International kämpfen statt patriotisch verlieren!

Angesichts der internationalen Zuspitzung der Krise wird immer deutlicher, dass der bornierte nationale Handlungsrahmen der Gewerkschaften ein einziges Hindernis für die Verteidigung unserer Lebensinteressen ist. Dies hat nicht zuletzt das Beispiel Nokia in aller Schärfe gezeigt. Dank ihres Informationsmonopols und ihres Apparates war die Gewerkschaft in der Lage, die anfängliche Dynamik des Kampfes (wie z.B. Spontandemos und nicht zuletzt den Solidaritätsstreik der Opelkollegen) zu ersticken. Mit dem Gerede von der „Gefühlskälte“ der finnischen Konzernspitze, rassistischen Ressentiments gegen sog. „rumänische Billigjobber“ und patriotischen Handy-Wegwerfaktionen gelang es Gewerkschaft, Medien und Politikern den Konflikt nationalistisch einzugemeinden. Am Ende dieses Spektakels standen schäbige Abfindungen und die Werksschließung. Wer sich auf die nationalistische Standortlogik einlässt, verfängt sich in einem auswegslosen Unterbietungswettbewerb, einer einzigen Abwärtsspirale ins Elend. Nur mit einer internationalen Strategie wird es möglich sein, den fortgesetzten Angriffen auf Löhne, Arbeitsbedingungen und soziale Rechte etwas entgegenzusetzen!
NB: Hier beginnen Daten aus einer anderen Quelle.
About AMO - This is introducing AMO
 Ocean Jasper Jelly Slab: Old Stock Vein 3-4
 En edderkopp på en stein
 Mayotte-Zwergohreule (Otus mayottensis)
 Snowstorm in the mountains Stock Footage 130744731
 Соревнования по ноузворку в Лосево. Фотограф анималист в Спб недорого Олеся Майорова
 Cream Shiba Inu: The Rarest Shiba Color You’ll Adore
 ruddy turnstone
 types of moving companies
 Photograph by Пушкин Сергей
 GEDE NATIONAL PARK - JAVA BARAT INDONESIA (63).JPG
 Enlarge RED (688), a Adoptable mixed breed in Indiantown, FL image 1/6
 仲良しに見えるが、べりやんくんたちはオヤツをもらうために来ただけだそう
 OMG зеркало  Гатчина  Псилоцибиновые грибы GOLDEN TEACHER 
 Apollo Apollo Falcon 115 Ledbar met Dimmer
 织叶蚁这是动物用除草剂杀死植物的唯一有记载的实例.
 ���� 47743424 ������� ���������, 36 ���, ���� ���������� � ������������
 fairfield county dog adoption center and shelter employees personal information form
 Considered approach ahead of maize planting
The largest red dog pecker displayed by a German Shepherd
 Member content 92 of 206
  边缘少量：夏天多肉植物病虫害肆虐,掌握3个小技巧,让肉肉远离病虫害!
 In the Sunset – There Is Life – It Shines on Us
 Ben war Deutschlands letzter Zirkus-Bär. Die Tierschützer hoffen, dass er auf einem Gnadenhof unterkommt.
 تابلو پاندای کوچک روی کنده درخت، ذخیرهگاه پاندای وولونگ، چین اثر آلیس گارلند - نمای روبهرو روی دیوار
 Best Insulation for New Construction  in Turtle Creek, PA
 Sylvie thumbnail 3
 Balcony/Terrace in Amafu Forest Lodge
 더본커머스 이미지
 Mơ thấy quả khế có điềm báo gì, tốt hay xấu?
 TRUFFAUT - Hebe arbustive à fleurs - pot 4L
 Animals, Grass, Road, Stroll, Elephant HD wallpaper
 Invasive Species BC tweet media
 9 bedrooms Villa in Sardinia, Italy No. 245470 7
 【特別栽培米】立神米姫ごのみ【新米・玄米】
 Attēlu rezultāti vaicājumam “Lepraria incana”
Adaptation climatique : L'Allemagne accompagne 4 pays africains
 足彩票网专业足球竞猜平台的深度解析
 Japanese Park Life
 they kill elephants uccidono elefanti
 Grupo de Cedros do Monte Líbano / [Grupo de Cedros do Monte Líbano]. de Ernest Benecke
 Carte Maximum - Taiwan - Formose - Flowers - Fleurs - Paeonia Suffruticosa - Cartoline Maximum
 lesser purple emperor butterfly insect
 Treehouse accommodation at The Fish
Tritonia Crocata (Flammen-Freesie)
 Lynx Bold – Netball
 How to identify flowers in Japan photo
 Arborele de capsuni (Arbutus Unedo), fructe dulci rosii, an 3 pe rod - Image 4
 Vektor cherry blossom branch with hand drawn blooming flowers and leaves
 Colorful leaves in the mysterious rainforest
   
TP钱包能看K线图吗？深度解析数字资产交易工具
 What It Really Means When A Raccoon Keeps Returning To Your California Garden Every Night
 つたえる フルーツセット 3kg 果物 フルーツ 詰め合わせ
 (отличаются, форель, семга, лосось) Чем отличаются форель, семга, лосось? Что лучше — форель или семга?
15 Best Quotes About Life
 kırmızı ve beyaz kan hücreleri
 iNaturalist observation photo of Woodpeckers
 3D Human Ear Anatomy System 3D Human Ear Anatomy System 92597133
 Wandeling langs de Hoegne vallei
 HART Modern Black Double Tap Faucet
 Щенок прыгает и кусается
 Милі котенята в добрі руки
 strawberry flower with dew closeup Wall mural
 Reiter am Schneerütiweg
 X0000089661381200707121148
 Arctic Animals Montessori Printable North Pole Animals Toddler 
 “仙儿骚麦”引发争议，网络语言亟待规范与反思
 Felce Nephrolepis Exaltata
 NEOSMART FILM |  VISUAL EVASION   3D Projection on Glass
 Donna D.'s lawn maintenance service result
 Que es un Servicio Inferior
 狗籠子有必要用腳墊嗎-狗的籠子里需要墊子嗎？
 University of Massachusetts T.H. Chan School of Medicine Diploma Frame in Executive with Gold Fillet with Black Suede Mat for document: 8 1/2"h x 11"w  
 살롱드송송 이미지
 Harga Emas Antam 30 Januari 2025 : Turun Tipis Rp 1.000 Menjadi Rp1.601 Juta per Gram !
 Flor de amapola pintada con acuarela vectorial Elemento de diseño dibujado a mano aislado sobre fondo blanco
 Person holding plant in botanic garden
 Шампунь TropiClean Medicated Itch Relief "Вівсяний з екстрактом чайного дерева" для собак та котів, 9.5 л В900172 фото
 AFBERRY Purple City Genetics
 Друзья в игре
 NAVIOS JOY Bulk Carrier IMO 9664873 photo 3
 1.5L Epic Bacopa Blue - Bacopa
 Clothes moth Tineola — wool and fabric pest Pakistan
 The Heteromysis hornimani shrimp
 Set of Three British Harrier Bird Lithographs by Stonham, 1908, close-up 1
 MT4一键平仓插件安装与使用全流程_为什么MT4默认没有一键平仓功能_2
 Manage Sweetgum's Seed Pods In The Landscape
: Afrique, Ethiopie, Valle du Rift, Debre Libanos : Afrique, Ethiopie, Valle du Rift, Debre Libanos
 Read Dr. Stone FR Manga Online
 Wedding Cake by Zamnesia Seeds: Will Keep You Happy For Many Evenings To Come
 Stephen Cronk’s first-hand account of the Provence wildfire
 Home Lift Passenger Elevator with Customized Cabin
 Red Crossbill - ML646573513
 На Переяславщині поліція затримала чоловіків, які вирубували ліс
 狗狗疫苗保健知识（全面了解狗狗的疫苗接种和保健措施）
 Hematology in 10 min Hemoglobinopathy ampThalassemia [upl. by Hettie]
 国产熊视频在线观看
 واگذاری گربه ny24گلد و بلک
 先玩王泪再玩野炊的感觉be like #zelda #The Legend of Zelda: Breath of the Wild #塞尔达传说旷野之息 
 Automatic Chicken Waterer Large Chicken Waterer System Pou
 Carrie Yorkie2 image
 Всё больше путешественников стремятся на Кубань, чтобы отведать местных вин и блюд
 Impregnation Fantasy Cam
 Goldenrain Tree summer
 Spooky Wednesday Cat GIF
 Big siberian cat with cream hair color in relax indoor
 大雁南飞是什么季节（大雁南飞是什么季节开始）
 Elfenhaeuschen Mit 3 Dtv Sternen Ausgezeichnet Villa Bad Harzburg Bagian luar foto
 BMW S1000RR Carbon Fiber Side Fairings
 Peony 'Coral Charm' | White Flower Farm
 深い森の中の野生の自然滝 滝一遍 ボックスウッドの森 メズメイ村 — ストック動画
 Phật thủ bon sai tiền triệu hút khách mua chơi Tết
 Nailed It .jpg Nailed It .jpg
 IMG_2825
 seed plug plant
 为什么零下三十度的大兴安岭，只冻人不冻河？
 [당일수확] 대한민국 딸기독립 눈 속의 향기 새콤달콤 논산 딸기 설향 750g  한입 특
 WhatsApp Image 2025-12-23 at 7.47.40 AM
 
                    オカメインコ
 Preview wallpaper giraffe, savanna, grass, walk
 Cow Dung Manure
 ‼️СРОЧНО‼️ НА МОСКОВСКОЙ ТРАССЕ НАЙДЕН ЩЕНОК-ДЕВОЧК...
Umso wichtiger ist es die hiesigen Auseinandersetzungen in einem internationalen Kontext zu sehen, und den Blick frei zu bekommen für die Perspektive des grenzüberschreitenden Klassenkampfes. Das von Gewerkschaftsfürsten und Politikern geschürte rassistische Vorurteil vom angeblich willfährigen rumänischen Niedriglohnarbeiter wurde durch den Streik der Daica-Kollegen eindrucksvoll widerlegt. Ein Kampf, der mittlerweile auch andere Sektoren der rumänischen Arbeiterklasse ermutigt hat, sich zu wehren. Ebenso gab und gibt es in Polen und Bulgarien Streiks gegen Lohnkürzungen. Ohne auf etwaige Ansagen der Gewerkschaften zu warten, traten die Kollegen im Fiatwerk von Pomigliano (Süditalien) in einen spontanen Solidaritätsstreik mit gemaßregelten Kollegen. In Ägypten entwickelten sich die Auseinadersetzungen in der Textilindustrie zu regelrechten Massenstreiks, - eine Bewegung die in Kombination mit den Protesten gegen das Steigen der Nahrungsmittelpreise besondere Dynamik annehmen kann...

Für den Kommunismus!

Das Auftreten dieser und anderer Kämpfe ist zweifellos ermutigend. Auf sich alleine gestellt können sie jedoch bestenfalls Episoden des Widerstandes bleiben, wenn es nicht gelingt den Einfluss bürgerlicher Ideologien zurückzudrängen und eine weitergehende Perspektive aufzustoßen. Die Aufgabe von Revolutionären besteht darin, das Gesamtinteresse der Arbeiterklasse im Auge zu haben, ihre Kämpfe zu unterstützen, Beschränkungen zu kritisieren und zu versuchen das Vertrauen und Bewusstsein der Lohnabhängigen in ihre eigene Kraft zu stärken. Revolutionäre Politik entwickelt sich dann, wenn Revolutionäre in der Lage sind, von den Kämpfen der Klasse zu lernen, Kampferfahrungen zu verallgemeinern und Bewusstsein und Perspektiven in die Bewegung zu tragen. Dies erfordert einen organisatorischen Rahmen. Nach unserem Verständnis kann dies nur eine politische Struktur, eine internationale und internationalistische revolutionäre Organisation sein. International, weil der Kapitalismus nur im Weltmaßstab bekämpft und überwunden werden kann; Internationalistisch, weil die Absage an jede nationalistische Ideologie die Grundvoraussetzung zur Herstellung der Klasseneinheit ist; Revolutionär, weil nur im radikalen Bruch mit dem Kapitalismus die Perspektive liegt, nicht nur menschenwürdig, sondern als Menschen zu leben. Der Aufbau einer solchen Organisation, die internationale Umgruppierung und Vereinheitlichung der Revolutionäre in einer neuen kommunistischen Weltpartei wird ein langer schwieriger Prozess. Aber er ist notwendig, um an die Stelle der bürgerlichen Gesellschaft mit ihren Kriegen, Krisen, Klassen und Klassengegensätzen eine Assoziation zu setzen, in der die freie Entwicklung eines jeden die Bedingung für die freie Entwicklung aller ist.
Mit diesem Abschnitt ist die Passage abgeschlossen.